Greetings. I'm trying to approximate the function
Log10[x^k0 + k1], where .21 < k0 < 21, 0 < k1 < ~2000, and x is integer < 2^14.
k0 & k1 are constant. For practical purposes, you can assume k0 = 2.12, k1 = 2660. The desired accuracy is 5*10^-4 relative error.
This function is virtually identical to Log[x], except near 0, where it differs a lot.
I already have came up with a SIMD implementation that is ~1.15x faster than a simple lookup table, but would like to improve it if possible, which I think is very hard due to lack of efficient instructions.
My SIMD implementation uses 16bit fixed point arithmetic to evaluate a 3rd degree polynomial (I use least squares fit). The polynomial uses different coefficients for different input ranges. There are 8 ranges, and range i spans (64)2^i to (64)2^(i + 1).
The rational behind this is the derivatives of Log[x] drop rapidly with x, meaning a polynomial will fit it more accurately since polynomials are an exact fit for functions that have a derivative of 0 beyond a certain order.
SIMD table lookups are done very efficiently with a single _mm_shuffle_epi8(). I use SSE's float to int conversion to get the exponent and significand used for the fixed point approximation. I also software pipelined the loop to get ~1.25x speedup, so further code optimizations are probably unlikely.
What I'm asking is if there's a more efficient approximation at a higher level?
For example:
Can this function be decomposed into functions with a limited domain like
log2((2^x) * significand) = x + log2(significand)
hence eliminating the need to deal with different ranges (table lookups). The main problem I think is adding the k1 term kills all those nice log properties that we know and love, making it not possible. Or is it?

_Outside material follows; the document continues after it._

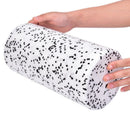 30cm Yoga Roller Eva Fitness Foam Roller Massage Body Exercises Gym Traini3C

Iterative method? don't think so because the Newton method for log[x] is already a complicated expression
Exploiting locality of neighboring pixels? - if the range of the 8 inputs fall in the same approximation range, then I can look up a single coefficient, instead of looking up separate coefficients for each element. Thus, I can use this as a fast common case, and use a slower, general code path when it isn't. But for my data, the range needs to be ~2000 before this property hold 70% of the time, which doesn't seem to make this method competitive.
Please, give me some opinion, especially if you're an applied mathematician, even if you say it can't be done. Thanks.

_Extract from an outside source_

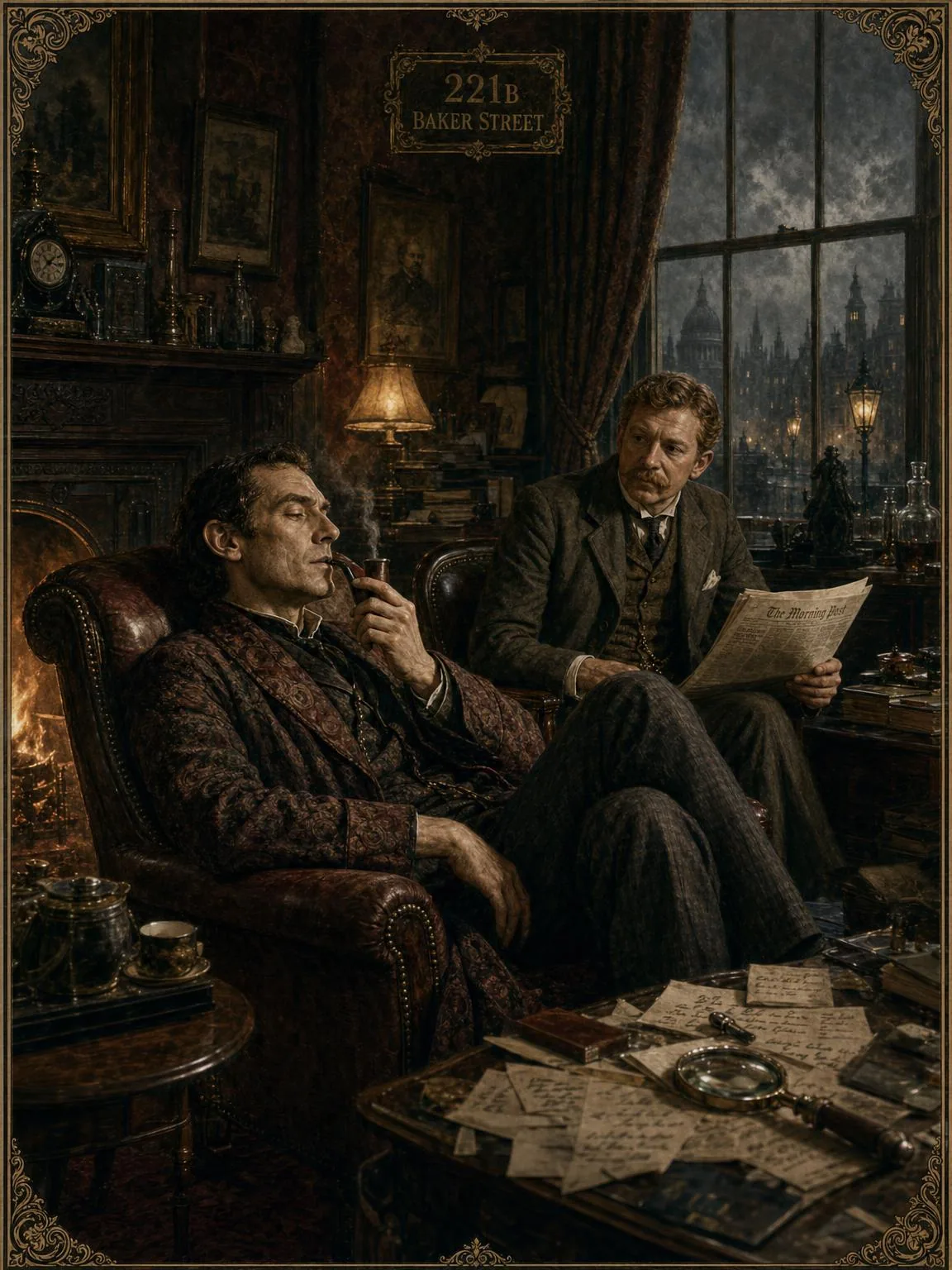 221B Baker Street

You should be able to improve on least-squares fitting by using Chebyshev approximation. (The idea is, you're looking for the approximation whose worst-case deviation in a range is least; least-squares instead looks for the one whose summed squared difference is least.) I would guess this doesn't make a huge difference for your problem, but I'm not sure -- hopefully it could reduce the number of ranges you need to split into, somewhat.

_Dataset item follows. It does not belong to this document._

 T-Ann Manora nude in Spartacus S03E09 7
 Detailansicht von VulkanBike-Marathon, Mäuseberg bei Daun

If there's already a fast implementation of log(x), maybe compute P(x) * log(x) where P(x) is a polynomial chosen by Chebyshev approximation. (Instead of trying to do the whole function as a polynomial approx -- to need less range-reduction.)
I'm an amateur here -- just dipping my toe in as there aren't a lot of answers already.
One observation:
You can find an expression for how large x needs to be as a function of k0 and k1, such that the term x^k0 dominates k1 enough for the approximation:
x^k0 +k1 ~= x^k0, allowing you to approximately evaluate the function as
k0*Log(x).
This would take care of all x's above some value.
I recently read how the sRGB model compresses physical tri stimulus values into stored RGB values.
It basically is very similar to the function I try to approximate, except that it's defined piece wise:
k0 x, x < 0.0031308
k1 x^0.417 - k2 otherwise
I was told the constant addition in Log[x^k0 + k1] was to make the beginning of the function more linear. But that can easily be achieved with a piece wise approximation. That would make the approximation a lot more "uniform" - with only 2 approximation ranges. This should be cheaper to compute due to no longer needing to compute an approximation range index (integer log) and doing SIMD coefficient lookup.
For now, I conclude this will be the best approach, even though it doesn't approximate the function precisely. The hard part will be proposing this change and convincing people to use it.